Best Italian Meatballs Ever!
Get ahead of the game and do your mise en place. That just means getting all your ingredients measured and cut up and “in place” so you can get right down to the business of making meatballs.
Preheat your oven to 400° F. Line a baking sheet with a piece of parchment paper and spritz with non-stick spray.
Place the torn bread in a large bowl and cover with the milk. Let it sit for about 5 minutes. It will get mushy. This is a good thing!
Add all your other ingredients to the bowl with the soaked bread and gently mix together with a wooden spoon or extra gently with your hands. You don’t want to overwork the mixture or squeeze the meat because that will result in tough meatballs. That is a bad thing. The peeled golf ball bad thing.
I actually use 2 rice scoops when mixing together ingredients. It allows me to mix everything together without the risk of overworking.
You might see bits of bread in the meat after you mix it all together. That’s ok. They’ll melt in when you bake them.
Shape the mixture into roughly golf ball sized balls. You can use a small cookie scoop if it helps, but I just grab a bit and roll. Wetting your hands a little or spritzing them with non-stick spray can help avoid meaty hand syndrome.

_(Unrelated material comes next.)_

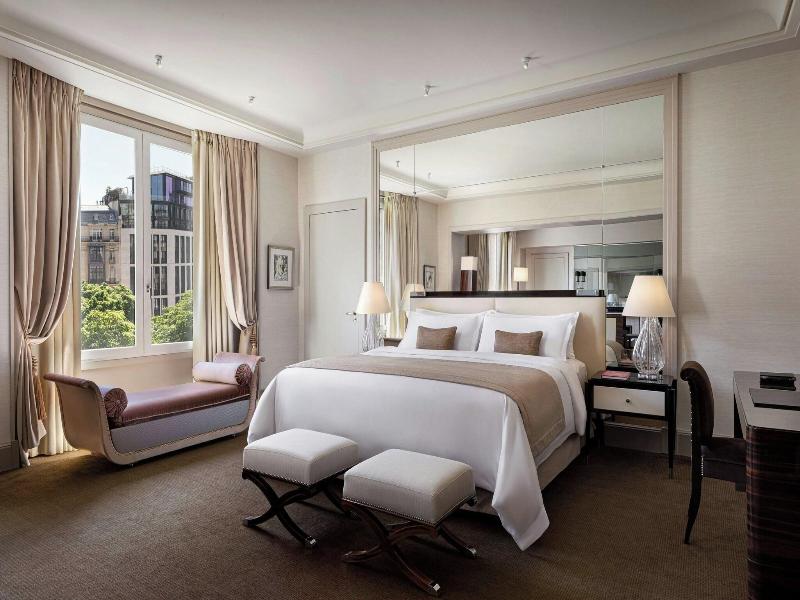 Prince De Galles, A Luxury Collection Hotel image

Place on your baking sheet with a little space in between each ball so they all get even exposure to the heat and get the little crispy side bits we all know and love! You should get about 24-28 meatballs.
Bake in 400° oven for 25-30 minutes, turning over once.
Remove from the oven. Sneak one and taste it for quality control. No one will notice one missing meatball.
Add the meatballs to your favorite sauce or use the delicious marinara sauce we made in a previous post.
Let the sauce and meatballs simmer for about 20 minutes to allow them to become really good friends. They’re in love.